Conferences Policy

International Journal of Law and Public Policy (IJLAPP) determines policies related to cooperation with conferences as follows:

1) IJLAPP only accepts conference collaborations with publishers from universities after considering many aspects. This is to anticipate the presence of predatory conferences or similar ones.

2) Collaboration with IJLAPP does not guarantee that the article will be accepted for publication. All potentially topical articles will still undergo a peer-review process according to IJLAPP's standard timeframe of 3-5 weeks.

3) IJLAPP will not help promote the conference. However, once the collaboration is approved by the IJLAPP Editor-in-Chief, the conference organizers can state "all potential articles will be published in IJLAPP" subject to the terms mentioned in point 2.

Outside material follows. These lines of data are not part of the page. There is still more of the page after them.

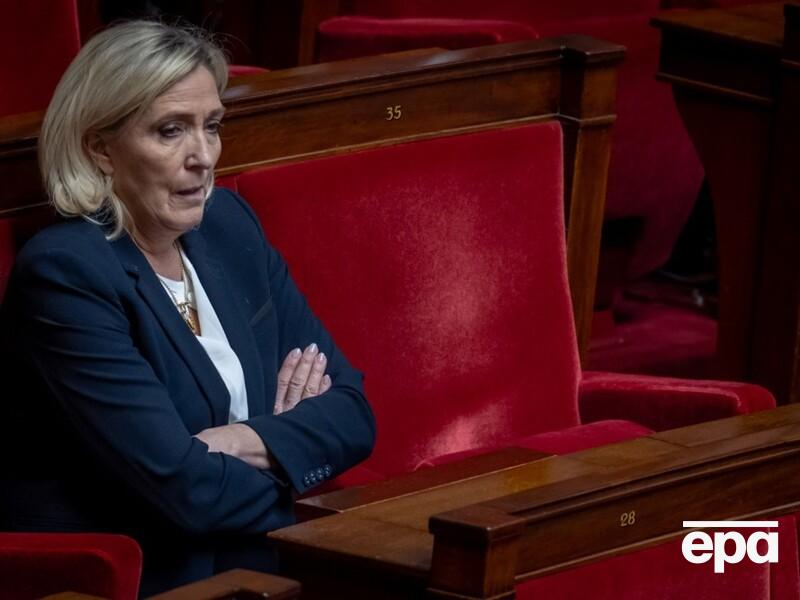 Ле Пен осудила остановку военной помощи США для Украины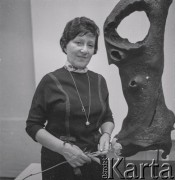 Czerwiec 1963, Warszawa, Polska.
Wernisaż wystawy rzeźb tureckiej artystki Lerzan Bengisu w Galerii Krzywe Koło. Nz. artystka ze swoją rzeźbą.
Fot. Irena Jarosińska, zbiory Ośrodka KARTA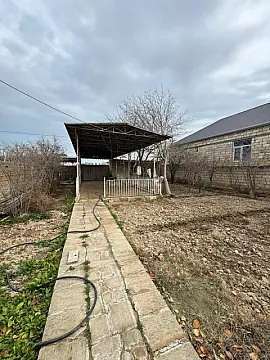 Satılır 4 otaqlı həyət evi 164 m²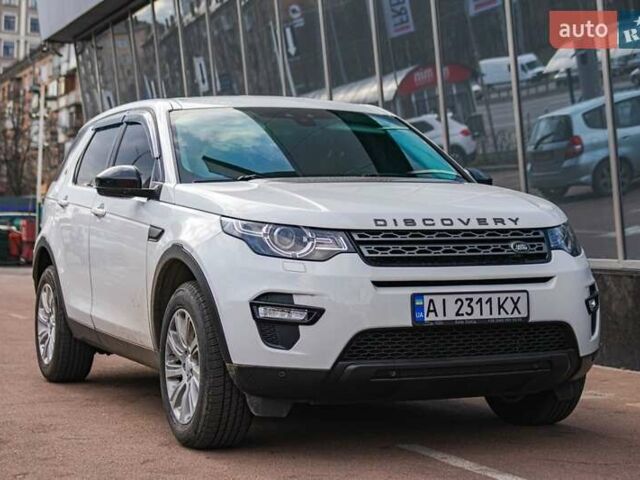 Белый Ленд Ровер Discovery Sport, объемом двигателя 2 л и пробегом 137 тыс. км за 21999 $, фото 1 на Automoto.ua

4) IJLAPP does not publish proceedings articles already published in full text or even just the title and abstract. This is to avoid duplicate publication.

5) IJLAPP does not provide a quota for articles to be accepted from the conference. All submitted articles will be reviewed per the policy mentioned in point 2.

6) IJLAPP will not publish special issues from any conferences. All accepted articles, after undergoing review, will be included in a regular issue according to the timeline set by IJLAPP.

7) The Article Processing Charge (APC) for articles accepted for publication from the conference will be the same. There will be no difference in APC compared to regular articles, neither discounted nor increased.

8) A Letter of Acceptance will be provided to the author from the conference after the article has been accepted in accordance with the policy mentioned in point 2.

9) IJLAPP suggests that authors should not be limited to a single country, but rather include authors from two or more countries to increase author diversity in IJLAPP.

10) Upon acceptance, the Editor-in-Chief will review references and discourage excessive self-citation of IJLAPP articles if they are not topically relevant. For relevant topics, authors may be encouraged to cite other sources unless IJLAPP articles are the primary relevant works, which would require discussion with the Editor-in-Chief.